If there is an increase in the number of processes submitted to the CPU for execution, then the CPU utilization will be increased. But by increasing the process continues at a certain time, the CPU utilization falls sharply and sometimes it reaches 0. This situation is said to be thrashing.
This article explains thrashing in detail
If CPU utilization is too small, then we increase the degree of multiprogramming by introducing a new process to the system.
Suppose a process enters a new phase in its execution and needs more frames. It starts faulting and taking processes away from other processes. These faulting processes use the paging device to swap pages in and out. As the process waits for the paging device, CPU utilization decreases.
The CPU scheduler increases the degree of multiprogramming on finding a decrease in CPU utilization. The new processes start taking frames from each other processes thereby causing more page faults and a long queue for the paging device. Due to all this, CPU utilization decreases further thus making the CPU scheduler increase the degree of multiprogramming even more. This causes thrashing and also throughput decreases.
This can be represented as –
From the figure, we can see that the degree of multiprogramming increases with the increase in CPU utilization although more slowly until the maximum is reached.
Now if the degree of multiprogramming increases even further, thrashing comes into the picture, and CPU utilization drops sharply.

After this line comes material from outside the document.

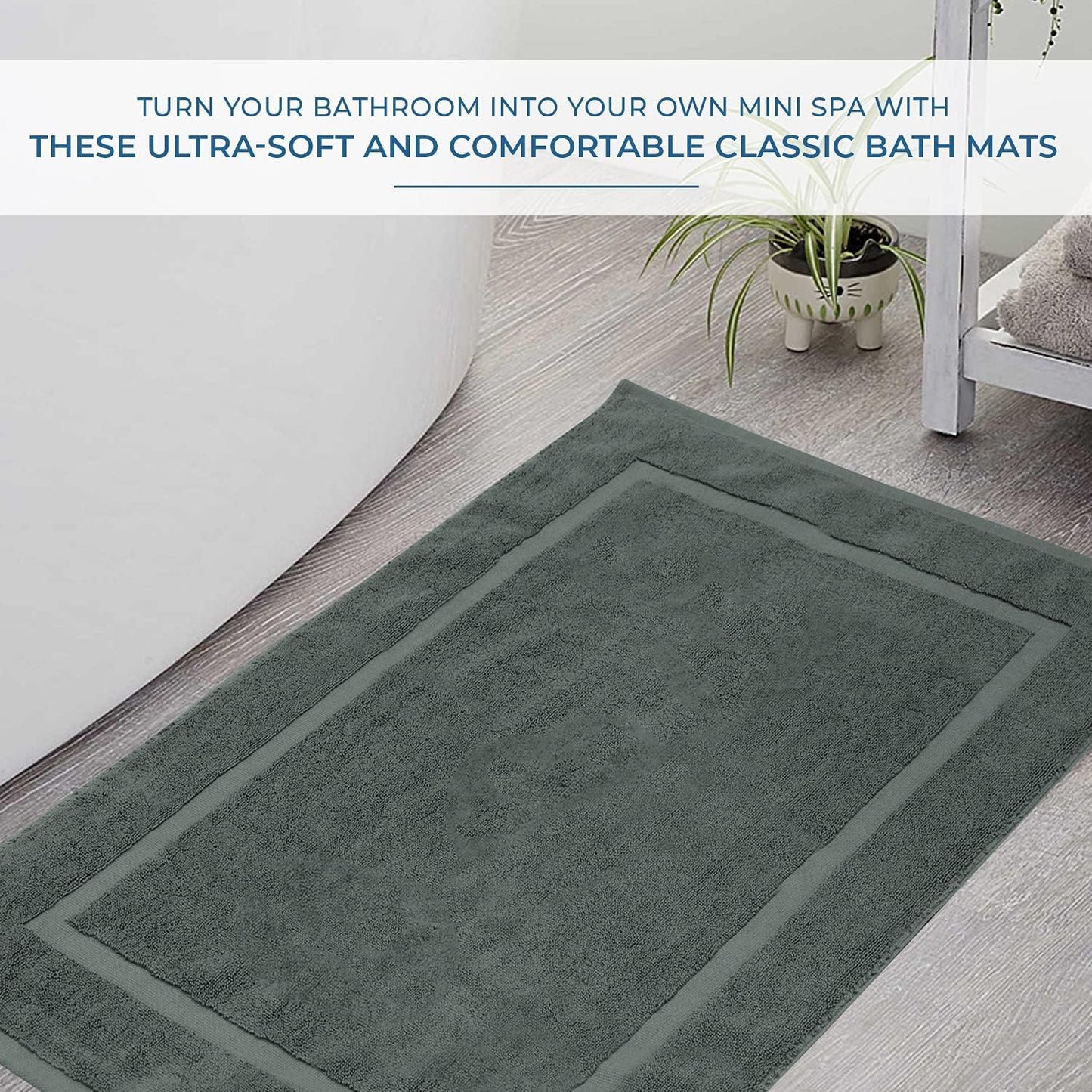 DAN RIVER Classic Cotton Bath Mats Set of 2 – Not a Bathroom Rug, Ultra Soft, Highly Absorbent & Machine Washable Bath Mat Towel for Bathroom Floor Mat – Durable, Quick-Dry, 21x34 Inches, Grey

At this point, we must decrease the degree of multiprogramming in order to increase CPU utilization and stop thrashing.
The effects of thrashing can be minimized by local replacement (priority replacement algorithm). So what happens in local replacement is that if one process starts thrashing it cannot steal frames from another process thereby causing the latter to thrash as well.
If the processes are thrashing the average time for the page fault will increase because they will be in a queue for paging devices most of the time. The effective access time will increase.
The working set strategy starts by looking at how many frames a process is actually using. This approach is known as the locality model of process execution.
The locality model states that, as a process executes, it moves from locality to locality. A locality is a set of pages that are actively used together. It also states that all programs will exhibit a basic memory reference structure.
WORKING SET MODEL – Based on the assumption of locality :
- This model uses a parameter Δ to define a working set window. It is to examine the most recent Δ page references.
- If the page is in active use, it will be in the working set and if it is no longer being used, it will drop from the working set Δ time units after its last reference. Thus the working set is the approximation of the program’s locality.
- The accuracy of the working set depends on the selection of Δ.
If Δ is too small, it will not encompass the entire locality.
If Δ is too large, it will overlap several localities
If Δ is infinite, the working set is the set of pages touched during the process execution.
- The most important property of a working set is its size. The working set size for each process can be computed :
D = Σ WSSi D – total demand for frames
- Each process is actively using the pages in its working sets. Thus the process needs WSSi frames.
- If there are not enough frames to fulfill demand then thrashing will occur because some processes will not have enough frames.
- The working set strategy prevents thrashing while keeping the degrees of multiprogramming as high as possible. Thus it optimizes CPU utilization.
- It is difficult to keep track of the working set. The working set window is a moving window. At each memory reference, a new reference appears at one end and the oldest reference drops off at the other end.
- A process is thrashing if it spends more time in paging than executing.
- If the CPU scheduler increases the degrees of multiprogramming and CPU utilization drops sharply then thrashing occurs.
- Effects of thrashing can be minimized using a priority replacement algorithm and working set model.